(Caption-style text data)
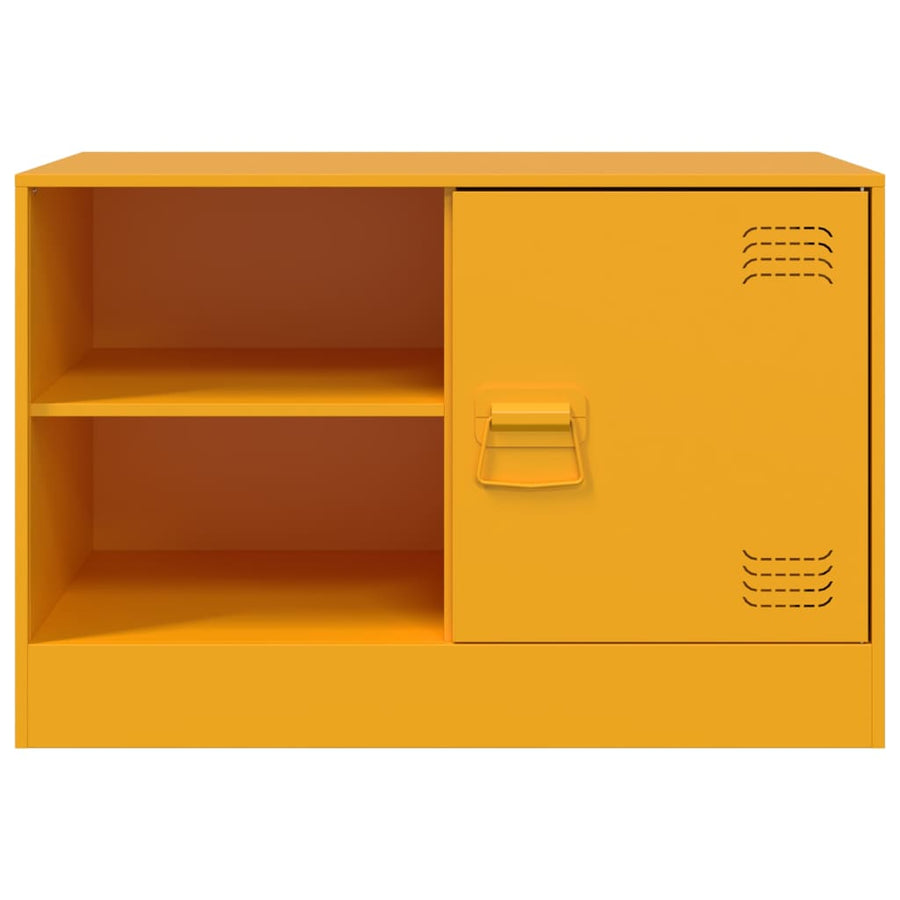 Tv-meubel 67x39x44 cm staal mosterdgeel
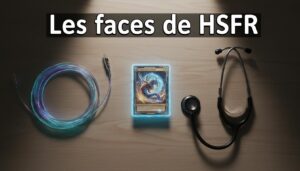 Vue zénithale d'un bureau moderne épuré avec une carte de jeu lumineuse, un câble à fibre optique, un stéthoscope et le texte Les faces de HSFR.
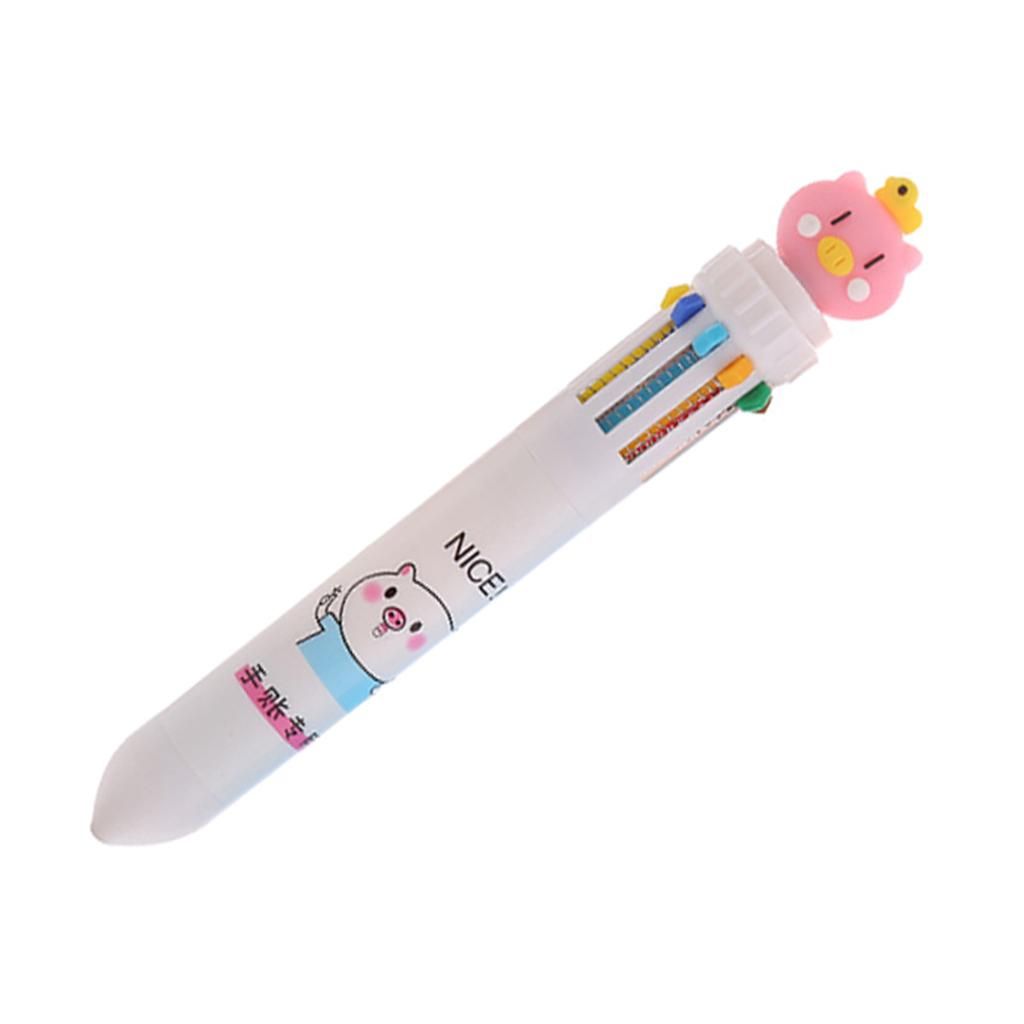 Smooth Writing Ballpoint Pen 10 In 1 Colors Ink Refills Kids White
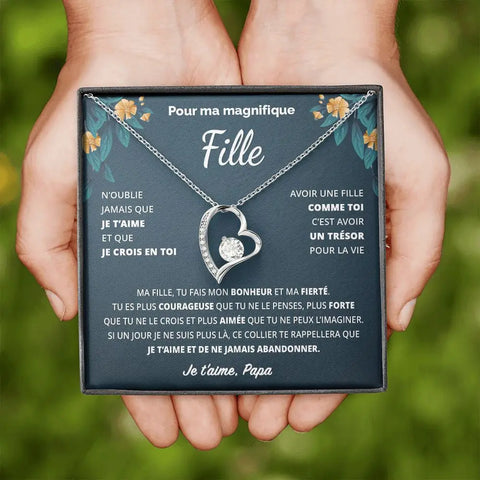 Cadeau De Papa Pour Sa Fille - Coffret Collier Coeur Eternel Tu Es Courageuse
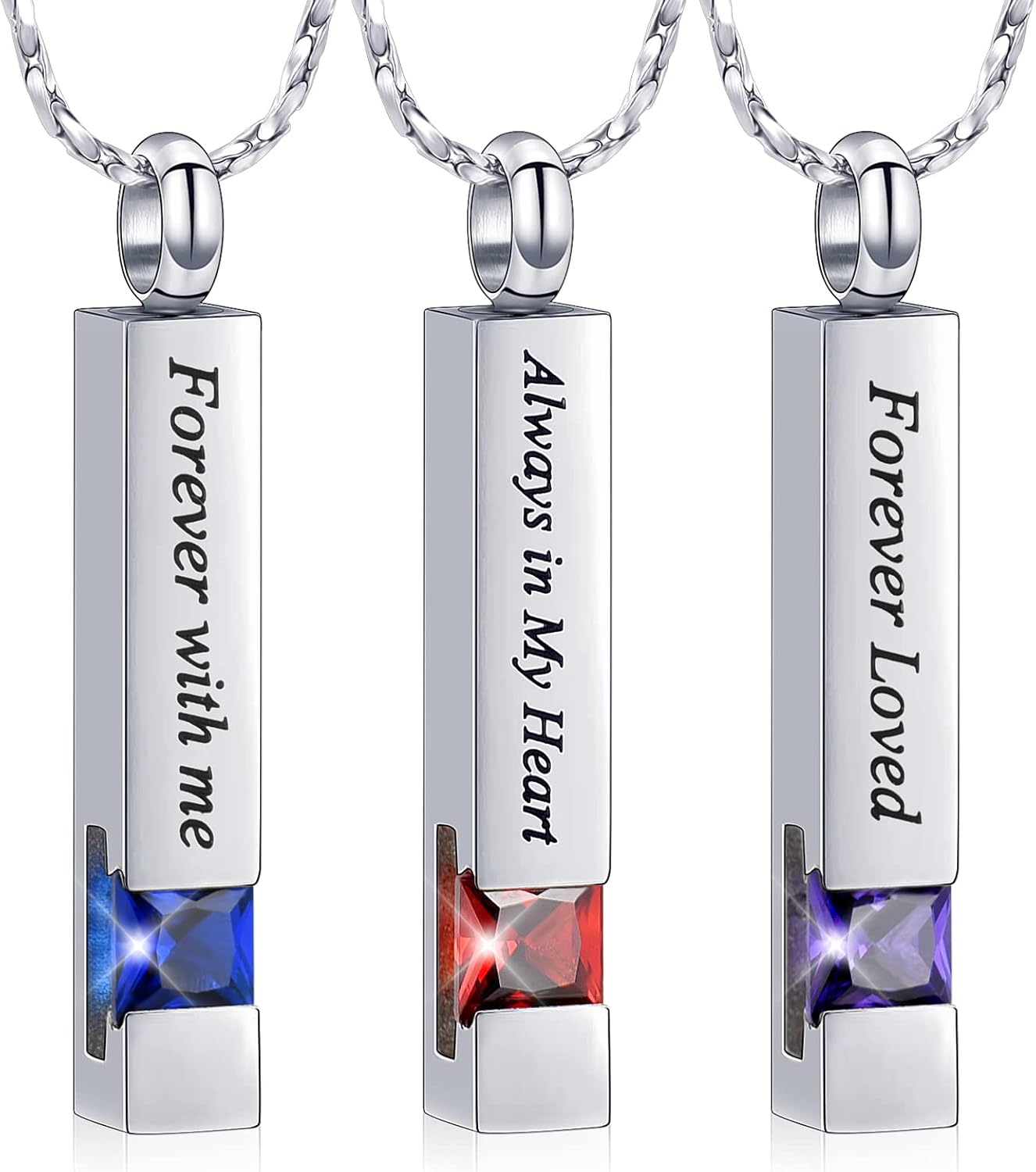 Imrsanl 3 Pack Cremation Jewelry Birthstone Cube Urn Necklace for Ashes, Hollow Crystal Bar Urn Pendant for Human Pet Ashes, Keepsake Ash Jewelry for Women Men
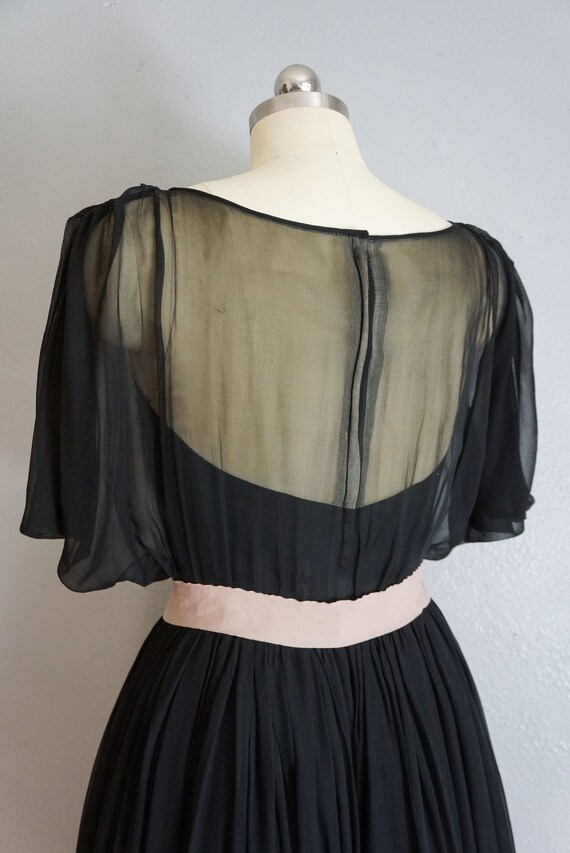 1950s Claudia black silk chiffon dress | vintage … - image 6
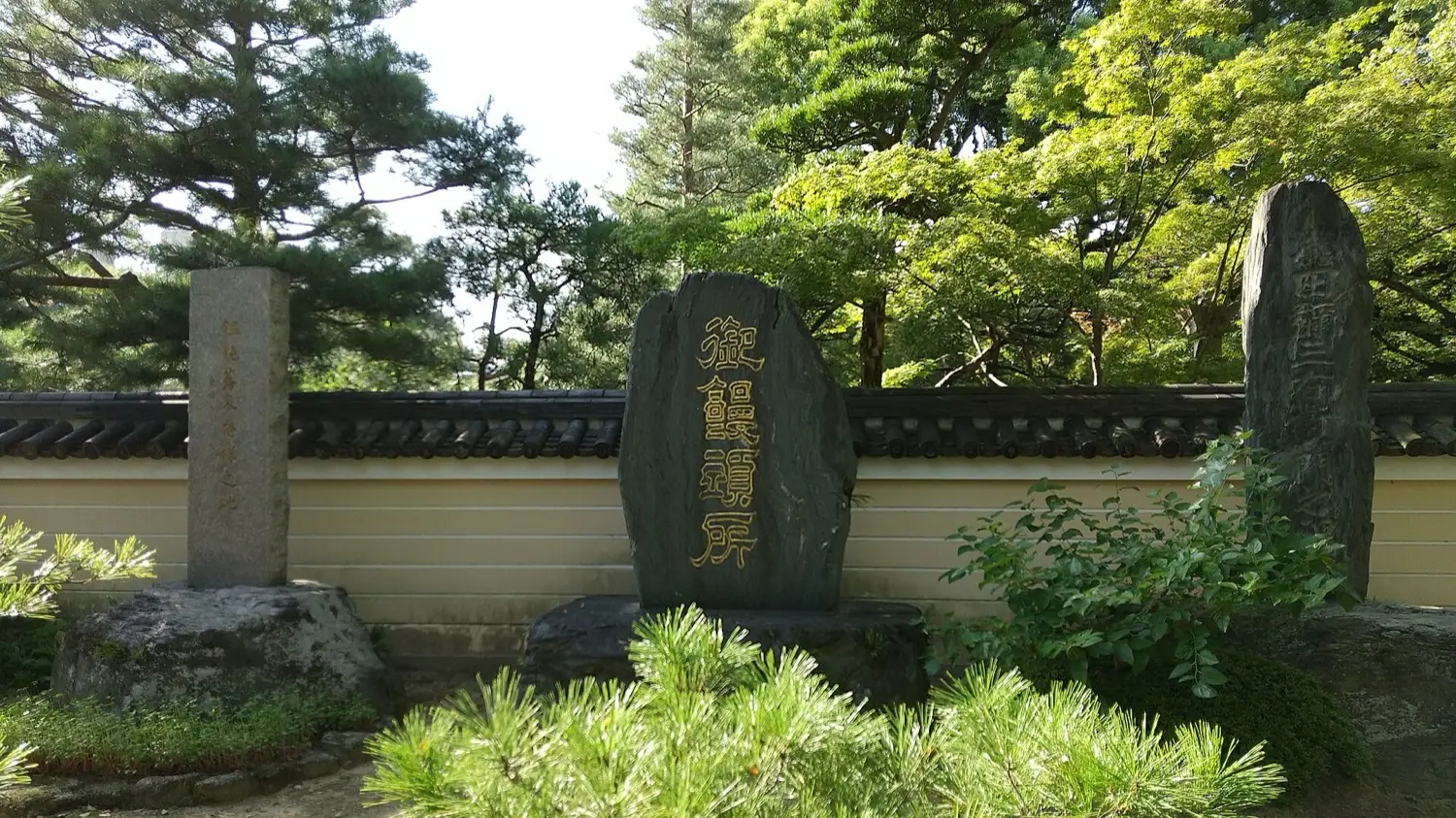 Stone monuments standing in a row in front of a tiled earthen wall, with pine trees behind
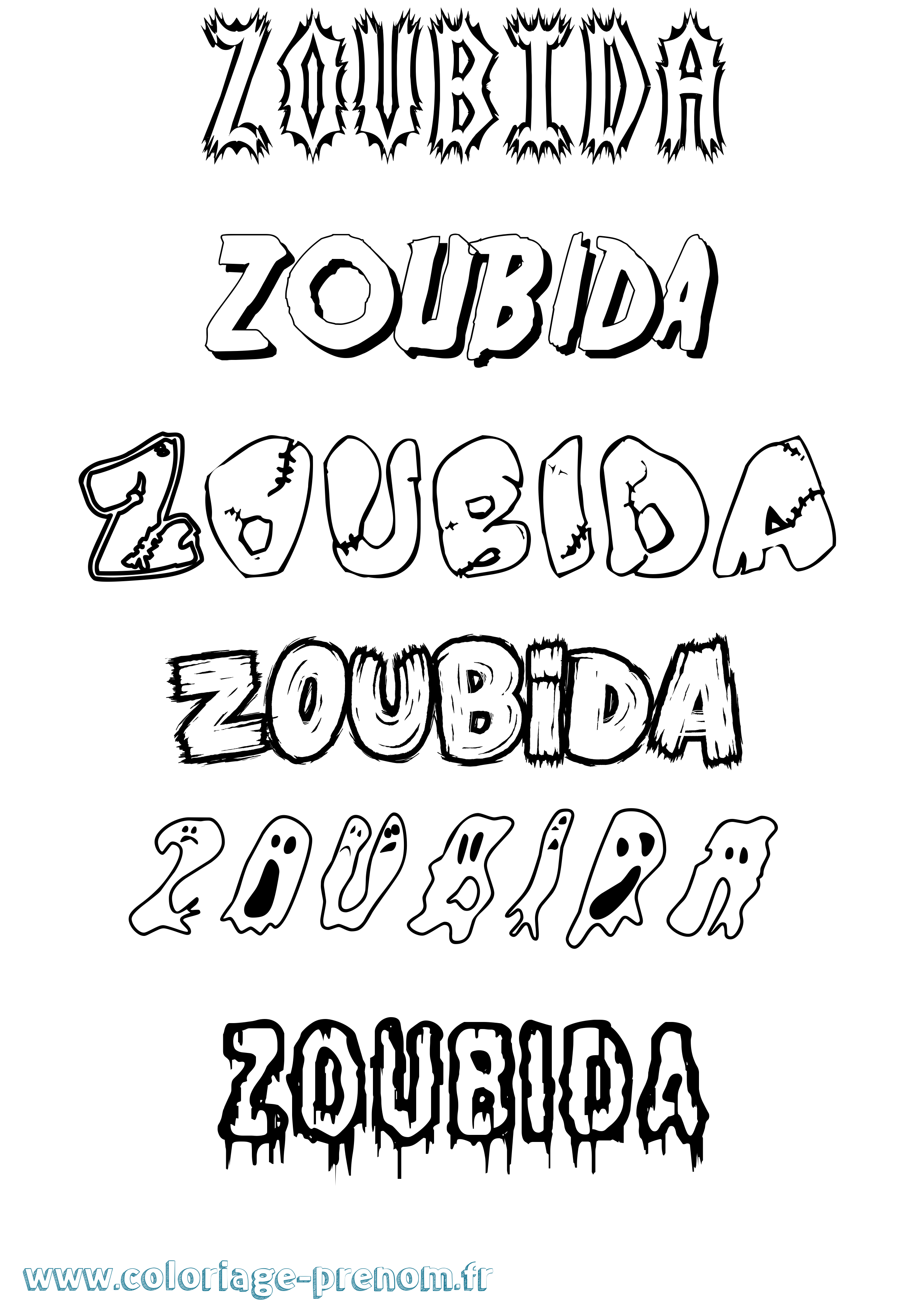Coloriage Zoubida Frisson Coloriage prénom Zoubida Frisson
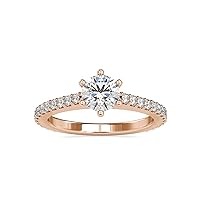 Certified Round Solitaire Ring Studded with 0.39 Ct IJ-SI Side Natural Diamond & 0.81 Ct G-VS2 Center Moissanite Diamond in 14K White/Yellow/Rose Gold Engagement Ring for Women on Anniversary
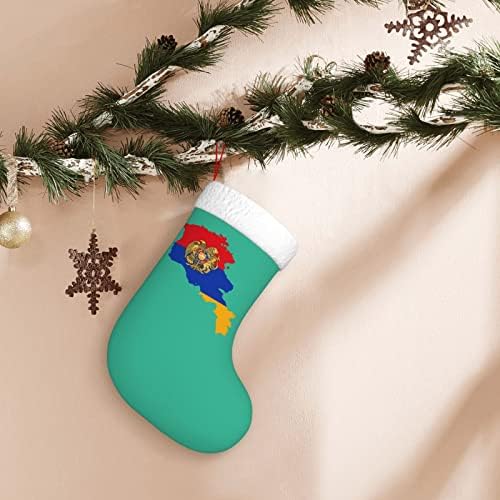 CutedWarf Armenian Bandle Mapa de Natal Decoração de Natal Classic Classic 18 polegadas Lareira Socking Sock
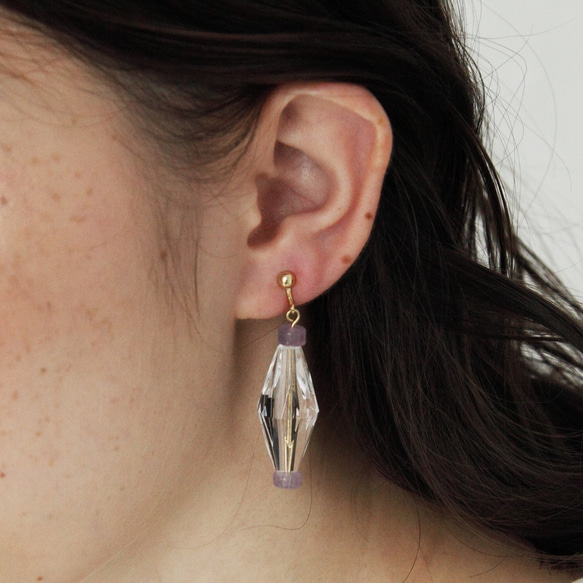 AMETHYST EARRINGS　アメジストイヤリング/ピアス 1枚目の画像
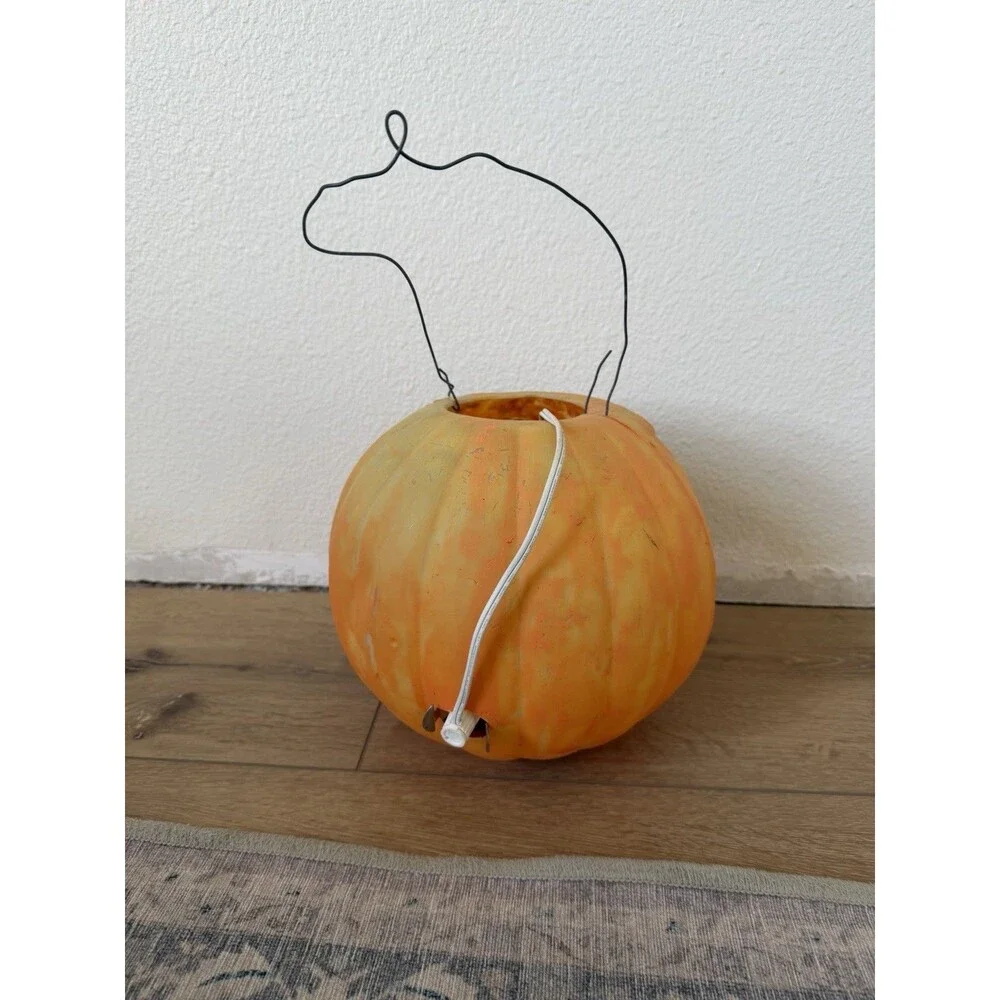 Vintage Halloween Black Masked Bandit Jack-O-Lantern 10"  Blow Mold Pumpkin - Picture 4 of 4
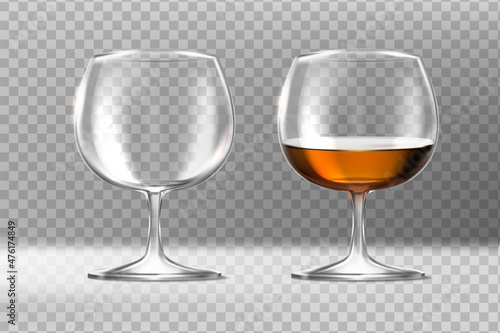 3d realistic vector icon. Set of two glassses with cognac. Empty and full. Isolated on transparent background.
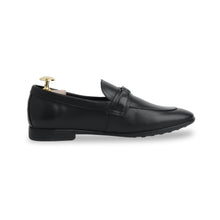 Load image into Gallery viewer, Noir Metallic Buckled Loafers - Black
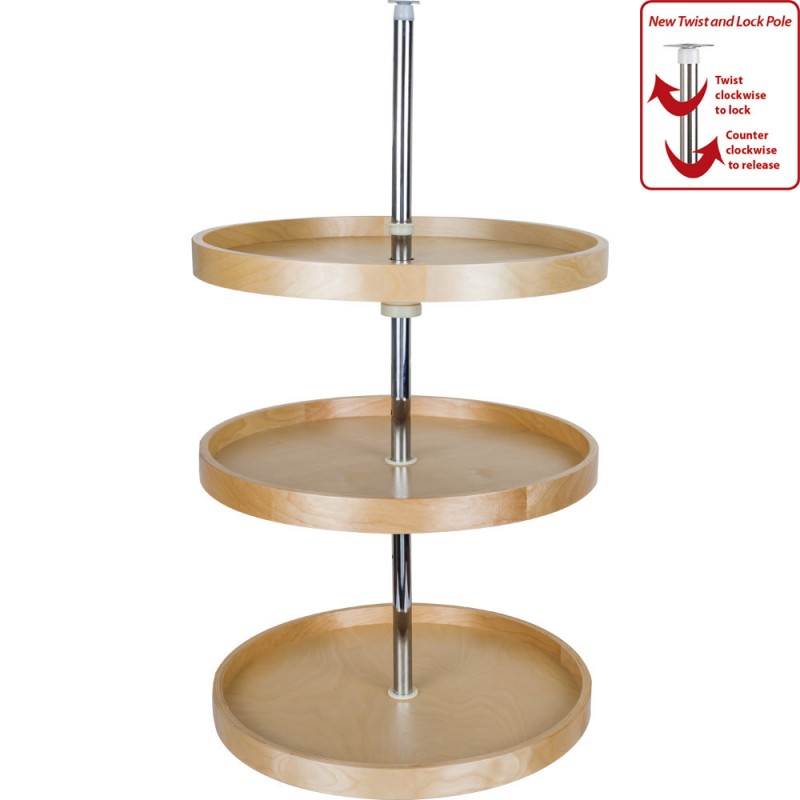 20" Round Banded Lazy Susan Set (3 shelves) with Twist and L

> _Required action_: Pictures are not part of the answer. Restate word for word the lines from the one with "CutedWarf Armenian Bandle" through the last line of the records.

> _Answer_:
 CutedWarf Armenian Bandle Mapa de Natal Decoração de Natal Classic Classic 18 polegadas Lareira Socking Sock
 AMETHYST EARRINGS　アメジストイヤリング/ピアス 1枚目の画像
 Vintage Halloween Black Masked Bandit Jack-O-Lantern 10"  Blow Mold Pumpkin - Picture 4 of 4
 3d realistic vector icon. Set of two glassses with cognac. Empty and full. Isolated on transparent background.
 Load image into Gallery viewer, Noir Metallic Buckled Loafers - Black
 20" Round Banded Lazy Susan Set (3 shelves) with Twist and L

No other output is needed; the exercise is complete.